Atherosclerotic plaque disruption induced by stress and lipopolysaccharide in apolipoprotein E knockout mice

Ni M, Wang Y, Zhang M, Zhang PF, Ding SF, Liu CX, Liu XL, Zhao YX, Zhang Y. Atherosclerotic plaque disruption induced by stress and lipopolysaccharide in apolipoprotein E knockout mice. Am J Physiol Heart Circ Physiol 296: H1598-H1606, 2009. First published March 13, 2009; doi:10.1152/ajpheart.01202.2008.-To establish an animal model with disruptions of atherosclerotic plaques, 96 male apolipoprotein E knockout (apoE(-/-)) mice were randomly divided into stress, lipopolysaccharide (LPS), stress+LPS, and control groups (n = 24 each). All mice were fed a high-fat diet throughout the experiment, and carotid atherosclerotic lesions were induced by placement of a constrictive perivascular collar. Four weeks after surgery, mice in the LPS and stress+LPS groups were intraperitoneally injected with LPS (1 mg/kg twice per week for 8 wk).
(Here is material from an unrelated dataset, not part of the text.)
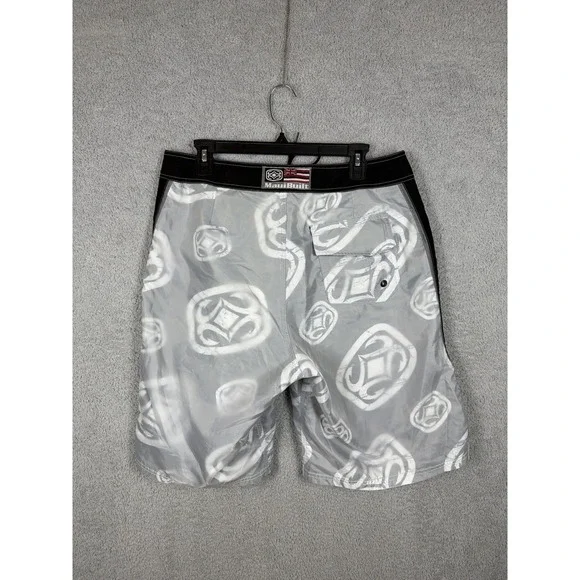 Maui Built Boardshorts Surf Swim Shorts Black/Wihite Logo Print Lace Up Mens 34 - Picture 10 of 10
Eight weeks after surgery, mice in the stress and stress+LPS groups were treated with intermittent physical stress (electric foot shock and noise stimulation) for 4 wk. Morphological analysis revealed a plaque disruption rate of 16.7% in control, 34.8% in LPS, 54.2% in stress, and 60.9% in stress+LPS groups. The disruption rates in stress and stress+LPS groups were both significantly higher than those of controls (P = 0.007 and P = 0.002, respectively). Luminal thrombosis secondary to plaque disruption was observed only in the stress+LPS group. Both stress and LPS stimulation significantly decreased fibrous cap thickness and increased macrophage and lipid contents in plaques. Moreover, the combination of stress and LPS stimulation further lowered cap thickness and enhanced accumulation of macrophages and expression of inflammatory cytokines and matrix metalloproteinases. Stress activated the sympathetic nervous system, as manifested by increased blood pressure and flow velocity. Plasma fibrinogen levels were remarkably elevated in the stress and stress+LPS groups. In conclusion, stress-and LPS-costimulated apoE(-/-) mice provide a useful model for studies of plaque vulnerability and interventions.